### Assignment
Without the pictures, print each of the records below exactly as it appears.

Stored data entries
★ ★ ★ ★ ★
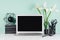 Home workspace with blank laptop monitor, black stationery, books, modern sculpture, coffee cup, white flowers in green mint.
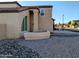 Angle view of the home's exterior with a circular bay window and desert landscaping at 6901 W Marco Polo Rd, Glendale, AZ 85308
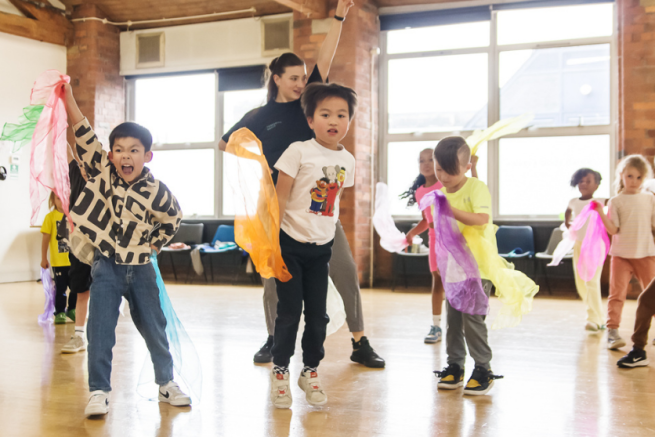 Children are dancing and jumping with different coloured scarves in a dance studio.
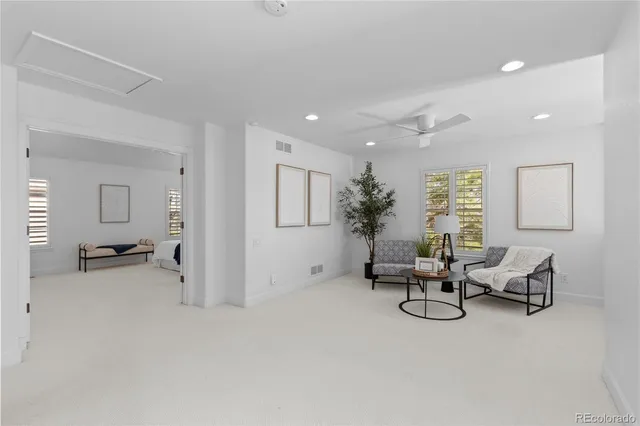 a view of a livingroom with furniture and windows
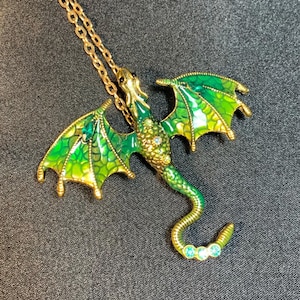 May include: A gold-toned metal dragon pendant necklace featuring vibrant green and yellow enamel wings with a textured scale pattern. The dragon body is adorned with small clear crystals and three light blue stones at the tip of its curved tail.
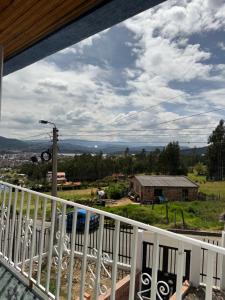 a view from the balcony of a house at Cabaña El Recuerdo, Paipa in Paipa +4 photos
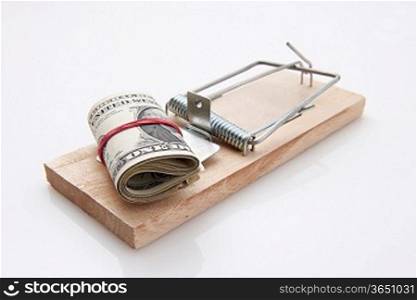 several dollar bills with elastic band set on a mouse-trap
★ ★ ★ ★ ★
### Solution
 Home workspace with blank laptop monitor, black stationery, books, modern sculpture, coffee cup, white flowers in green mint.
 Angle view of the home's exterior with a circular bay window and desert landscaping at 6901 W Marco Polo Rd, Glendale, AZ 85308
 Children are dancing and jumping with different coloured scarves in a dance studio.
 a view of a livingroom with furniture and windows
 May include: A gold-toned metal dragon pendant necklace featuring vibrant green and yellow enamel wings with a textured scale pattern. The dragon body is adorned with small clear crystals and three light blue stones at the tip of its curved tail.
 a view from the balcony of a house at Cabaña El Recuerdo, Paipa in Paipa +4 photos
 several dollar bills with elastic band set on a mouse-trap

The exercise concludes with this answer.